ART CITIES:Munich-Flaka Haliti
In the era of digital imagery, Haliti’s work revolves around such romantic ciphers as clouds, moons, and love letters. And yet Haliti endows her imagery not with gravity, but with a yearning, awkward note. Emotions and messages of love in the digital age are issues she addresses, disguised in the medium of childlike drawing.
By Efi Michalarou
Photo: Deborah Schamoni Gallery Archive
Linguistic as well as material reference systems are connected with each other in such a way that in Flaka Haliti’s solo exhibition “Watchu expect me to do when I lose my cool” a hybrid gallery space is created: photographs and collages of possible water surfaces and lunar landscapes, processed with resin for more fluidity, are shown together with two-dimensional deep sea creatures entitled “what are they thinking that we thinking that they thinking we going to do next?” (2019), as well as with large-format digital collages “What to do?” (2019) and “Who is going to do?” (2019). In the face of extreme political affects, Haliti’s titles pose the question of responsibility: Who is looking at me, you or us in the age of extractive capitalism and planetary natural forces? In challenging times, the freedom to “lose my cool” is rather a performative task than a given option. It is a liquid condition that releases a subject-object-capacity that allows both, being-in-the-world and being-beyond-the-world. A political consequence of such a condition is that it does not anticipate or neutralise the effects of what follows. The characteristic of fluidity is to be bound to time and less to space, i.e. to surrender completely to motion. Flaka Haliti, who represented Kosovo, her home country, at the 56th Venice Biennale with an installation titled “Speculating on the Blue“ reflecting on the meaning of borders, democracy, freedom and mobility.
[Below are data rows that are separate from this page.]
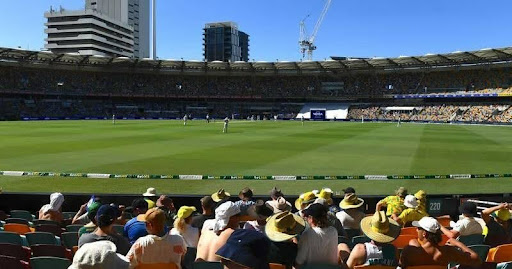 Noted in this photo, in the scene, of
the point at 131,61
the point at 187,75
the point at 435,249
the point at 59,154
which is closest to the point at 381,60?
the point at 187,75

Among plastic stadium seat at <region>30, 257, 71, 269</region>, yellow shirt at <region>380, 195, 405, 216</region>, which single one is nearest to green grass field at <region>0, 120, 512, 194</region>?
yellow shirt at <region>380, 195, 405, 216</region>

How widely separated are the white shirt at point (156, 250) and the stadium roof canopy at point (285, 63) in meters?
84.1

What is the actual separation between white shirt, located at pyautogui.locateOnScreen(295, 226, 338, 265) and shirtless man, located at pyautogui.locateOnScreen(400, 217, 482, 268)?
3.09ft

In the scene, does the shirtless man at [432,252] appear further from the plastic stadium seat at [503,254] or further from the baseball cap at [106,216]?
the baseball cap at [106,216]

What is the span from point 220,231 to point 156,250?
35.9 inches

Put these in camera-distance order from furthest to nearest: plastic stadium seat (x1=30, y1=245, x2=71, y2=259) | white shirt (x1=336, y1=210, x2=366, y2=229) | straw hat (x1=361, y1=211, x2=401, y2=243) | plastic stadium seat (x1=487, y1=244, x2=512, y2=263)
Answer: white shirt (x1=336, y1=210, x2=366, y2=229)
plastic stadium seat (x1=487, y1=244, x2=512, y2=263)
plastic stadium seat (x1=30, y1=245, x2=71, y2=259)
straw hat (x1=361, y1=211, x2=401, y2=243)

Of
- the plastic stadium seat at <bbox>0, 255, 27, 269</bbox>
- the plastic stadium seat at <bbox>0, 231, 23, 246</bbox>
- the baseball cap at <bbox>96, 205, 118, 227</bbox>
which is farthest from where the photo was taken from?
the plastic stadium seat at <bbox>0, 231, 23, 246</bbox>

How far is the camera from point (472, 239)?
7.09 metres

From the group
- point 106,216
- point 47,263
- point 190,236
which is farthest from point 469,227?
point 47,263

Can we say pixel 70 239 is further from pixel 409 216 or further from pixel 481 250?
pixel 481 250

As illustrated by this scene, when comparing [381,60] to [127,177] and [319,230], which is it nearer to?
[127,177]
At least since then she is internationally known for her geopolitical explorations of national borders and the identities of unions such as the UN or the EU. At the Venice Biennale, she filled a room with blue sand and placed iron bar constructions in it that usually serve to reinforce the concrete elements of border walls. The room was flooded with light transitioning from white to yellow, red, pink and blue, twice a day in reference to the blue hour. With every color the perception of the space changed completely; especially in the blue light the lines between the walls and the floor blurred and opened up the room into the infinite, an allusion to open national borders like those within the European Union and, at the same time, an affront to the Venice Biennale’s principle of exhibiting different nations.